Bug #20672
closedUNIXSocket.pair transmitting data between pids looks flaky
Description
I have code that uses UNIXSocket.pair and fork to send data between parent and child.
It seems to work fine for a small number of messages passed, but then fails with Errno::EBADF on the child pid writing to its socket received from the parent.
I attached a test driver which includes successful and failed test runs. This is boiled down logic from a larger app, where I first started seeing this issue. I believe I first saw this on Ruby 3.0, but now I am on 3.3.4.
This could be me, as in my code or my workstation env, but I have not been able to prove that from many web searches. If you look at my test driver and see something wrong with it, I will take the shame and learn something. BUT just in case this is an issue in low level Ruby code, I am submitting this here.
Files
Updated by byroot (Jean Boussier) 3 months ago
I'm able to reproduce with large enough message (e.g. -c 4000
on my machine).
However if I change:
received_w = UNIXSocket.for_fd(main_c.recv_io.fileno)
with:
received_w = main_c.recv_io
received_w.sync = true
It fixes the problem. I'm not yet clear on what is causing this, but I suspect some metadata is lost when you use for_fd
. But I think it should work, so I'll try to figure out what exactly.
Updated by byroot (Jean Boussier) 3 months ago
- Status changed from Open to Rejected
Alright I've figured it out.
recv_io
creates an IO
instance, that you then discard.
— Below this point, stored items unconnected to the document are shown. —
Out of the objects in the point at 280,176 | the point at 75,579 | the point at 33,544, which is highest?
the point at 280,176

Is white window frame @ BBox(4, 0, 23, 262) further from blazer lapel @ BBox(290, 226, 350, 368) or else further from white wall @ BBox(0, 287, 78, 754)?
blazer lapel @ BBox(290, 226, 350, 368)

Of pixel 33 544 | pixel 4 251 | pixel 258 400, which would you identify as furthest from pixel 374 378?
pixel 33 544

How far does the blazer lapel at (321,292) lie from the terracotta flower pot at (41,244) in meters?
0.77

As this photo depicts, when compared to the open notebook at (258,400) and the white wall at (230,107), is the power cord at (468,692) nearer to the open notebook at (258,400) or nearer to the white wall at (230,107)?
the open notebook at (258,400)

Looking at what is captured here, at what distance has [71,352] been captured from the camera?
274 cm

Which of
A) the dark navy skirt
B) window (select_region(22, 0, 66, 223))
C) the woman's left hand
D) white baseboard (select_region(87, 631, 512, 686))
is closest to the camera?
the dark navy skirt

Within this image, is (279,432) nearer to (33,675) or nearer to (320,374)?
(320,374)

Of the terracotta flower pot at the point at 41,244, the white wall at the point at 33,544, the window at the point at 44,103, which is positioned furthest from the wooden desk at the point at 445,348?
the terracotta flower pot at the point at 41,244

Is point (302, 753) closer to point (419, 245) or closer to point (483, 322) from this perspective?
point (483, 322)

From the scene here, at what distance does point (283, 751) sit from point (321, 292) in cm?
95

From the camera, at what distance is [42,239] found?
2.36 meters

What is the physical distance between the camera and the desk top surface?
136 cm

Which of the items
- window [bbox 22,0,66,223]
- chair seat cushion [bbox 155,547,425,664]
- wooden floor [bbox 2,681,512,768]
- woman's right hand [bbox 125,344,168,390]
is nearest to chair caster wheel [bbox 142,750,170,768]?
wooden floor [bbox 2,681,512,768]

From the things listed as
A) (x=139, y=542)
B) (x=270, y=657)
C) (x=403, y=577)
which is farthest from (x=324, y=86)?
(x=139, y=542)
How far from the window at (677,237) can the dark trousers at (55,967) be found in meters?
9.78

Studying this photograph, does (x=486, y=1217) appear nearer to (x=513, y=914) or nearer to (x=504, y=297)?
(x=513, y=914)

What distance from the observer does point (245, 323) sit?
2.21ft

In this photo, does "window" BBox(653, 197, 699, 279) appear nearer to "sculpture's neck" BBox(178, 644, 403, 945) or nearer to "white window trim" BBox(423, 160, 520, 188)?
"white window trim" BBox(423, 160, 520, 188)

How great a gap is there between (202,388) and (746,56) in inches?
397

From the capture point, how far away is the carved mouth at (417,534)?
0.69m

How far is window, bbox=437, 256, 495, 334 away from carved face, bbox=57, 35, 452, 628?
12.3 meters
But that IO
instance once garbage collected is automatically closed.
So this issue can be reproduced much earlier by calling GC.start
just after UNIXSocket.for_fd(main_c.recv_io.fileno)
.
My suggestion fixes it, because it avoid creating two IOs for the same FD, so the GC doesn't end up closing the file descriptor.
You can also fix this by setting autoclose = false
on the IO instance returned by recv_io
.
But the cleaner way to do this is:
received_w = main_c.recv_io(UNIXSocket.)
So yeah, not a bug in ruby, but in your code.
Updated by danh337 (Dan H) 3 months ago
byroot (Jean Boussier) wrote in #note-2:
Alright I've figured it out.
[...]received_w = main_c.recv_io(UNIXSocket.)
So yeah, not a bug in ruby, but in your code.
WOW. @byroot (Jean Boussier) you are champion. I knew I needed to "cast" the received data from a plain IO to a UNIXSocket, but I didn't read the recv_io
docs, which clearly state how to do this. You made a great catch. Cheers to you. Sorry for taking your time.